Darbeci askerlerin elinden kurtulanlar, darbeye karşı
mücadele eden emniyet teşkilatı ya da ilk günlerde sıkıyönetim ilanıyla
evlerinde kalıp sonraları darbeye isyan eden sivil halk meydanlara inip askerle
bir iç savaş yapıyor olabilirdi şu an.
Ve siyonist güçler, iğrenç ve müşrik müttefikleriyle hızlı bir
kararla ülkemize barış getirmek üzere haçlı ordusunu ülkemize göndermiş, önce
darbeyi yapanlar olmak üzere kendisine biat etmeyen tüm asker, milletvekili,
parti lideri, bürokrat ne kadar devlet büyüğü varsa tutuklamış, kendisine karşı
direnen halkın üzerine bombalar yağdırarak öldürmüş, yakaladıklarını da jiletli
ve dikenli tellerle çevrili Guantanamo benzeri hapishanelerde başlarına çuval
geçirilmiş vaziyette aç, susuz, pislik içinde hapsediyor olabilirdi.
Kim bilir hangi yetim kızımız, dul kadınımız, anamız, eşimiz
hangi şerefsiz, siyonist ve emperyalist askerin tecavüzünden kurtulmak için
başını duvarlara vura vura intihar ediyor olurdu şu an.
Şu an bombalanmış, yerle bir edilmiş enkaz altında ezilmiş
minicik çocuğunu kopmuş parmaklarından tanımaya çalışan kaç anne, baba veya
kardeş görüntüsü servis ediliyor olurdu kim bilir haber bültenlerinde.

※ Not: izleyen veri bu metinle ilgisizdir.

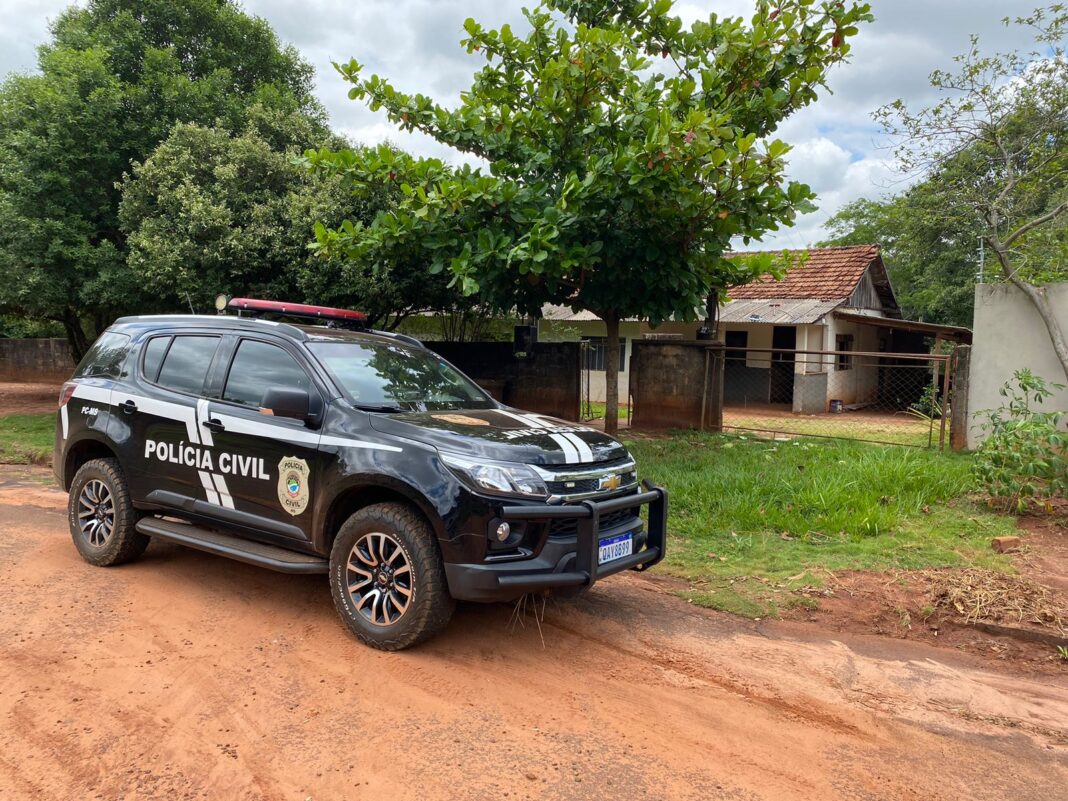 Polícia Civil fecha “Boca de Fumo” e prende traficante em Polícia Civil fecha “Boca de Fumo” e prende traficante em Mundo Novo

Savaşın izlerini yüklenip memleketinden kaçan insanımız,
hangi ülkenin sınırından geçerken vurulacaktı ya da ülkemizin etrafını
çevreleyen sular, komşu ülkelere sığınmak üzere botlarla geçmeye çalışan kaç
türk evladına mezar olacaktı şu an. Belki bu kez sahillerimize kendi
çocuklarımızın cansız bedenleri vuracaktı kim bilir.
Ve şu an Cumhurbaşkanımız, Başbakanımız kim bilir hangi adaletsiz
engizisyon mahkemesinde yargılanıp idamla yargılanacaktı, ya da emri altındaki
kendi askerleri tarafından hunharca katlediliyor olacaktı.
Şimdi düşünün... Ülkesinin geleceğine, istikbaline kastetmiş
birkaç soysuza üzülmek mi, yoksa bir olup, diri olup, dik durup vatanımıza,
devletimize, milletimize, dinimize, bayrağımıza sahip çıkarak uyanık olmak mı?
Ve unutmadan son bir not;
Abdülhamit Han yıkılırken onun kuyusunu kazanların başında
olan şeyh derviş vahdeti ve ona ittiba eden masum müslümanlar parçalanmış
imparatorluğun topraklarına kurulmuş ilk darağaçlarında can vermişlerdi
haçlıların eliyle Osmanlı can çekişirken, bilmem anlatabildim mi?...
Rabbim Endülüs'ün, Osmanlı'nın, Mısır'ın, Filistin'in,
Irak'ın, Suriye'nin, Libya'nın yaşadıklarını yaşatmasın ülkemize. Vatanımıza,
milletimize, yöneticilerimize, halkımıza iman, iz'an, fikir, feraset, güç ve
birlik versin, düşmanlarımıza fırsat vermesin... Amin.